Operating mode: appliance

Once all desktop environments were confirmed to be supported, the next step was checking that it was possible to use the same laptop but with interfaces swapped, meaning using the wireless interface as the external interface (connected to the internet), and using the wired interface as the isolated interface. This time, another laptop is used to validate the PiRogue environment is usable.

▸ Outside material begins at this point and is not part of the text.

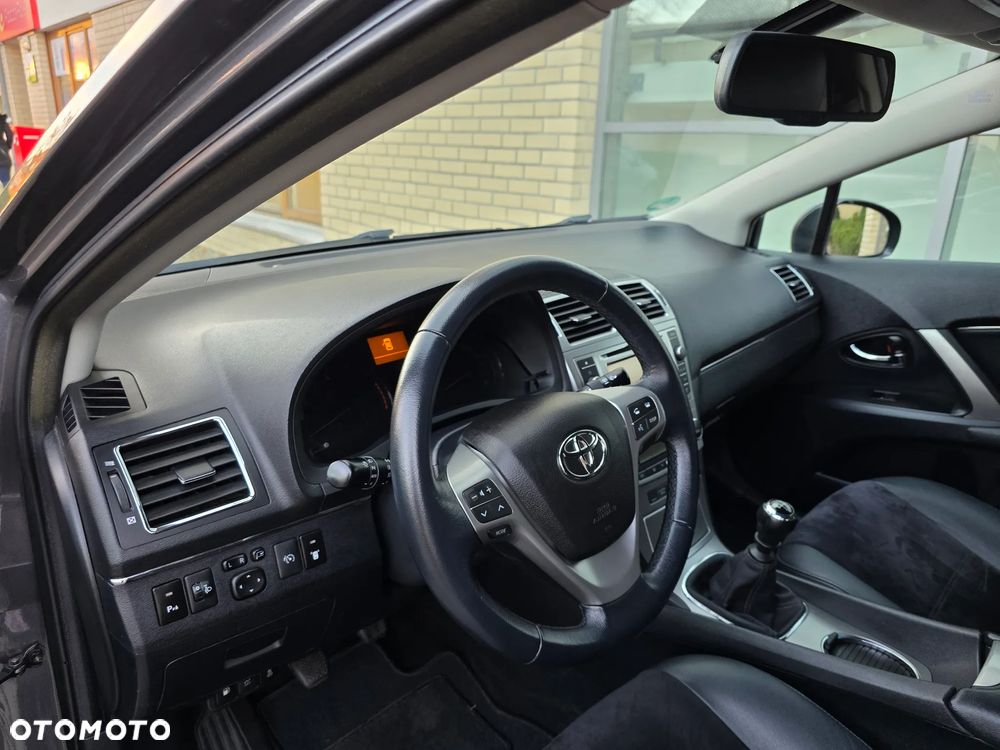 Toyota Avensis 1.8 Premium - 18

This was actually tested twice:

  • once with a laptop featuring both interfaces;
  • once with a laptop only featuring a wireless interface, adding a USB/Ethernet adapter. It was confirmed to show up as a regular wired interface.

This was confirmed to be working fine in the ifupdown case and in the NetworkManager one. The systemd-networkd plus systemd-resolved case had already been tested successfully using virtual machines (with two network interfaces).

Operating mode: VPN

With another laptop, featuring only a wireless interface, it was verified that the resulting operating mode is VPN. That being said, its usability hasn’t been verified, as it would have required setting up some NAT rules on the ISP-provided router. Since we already know this works fine in a VM, there were no reasons to doubt it would work on a laptop in the exact same way.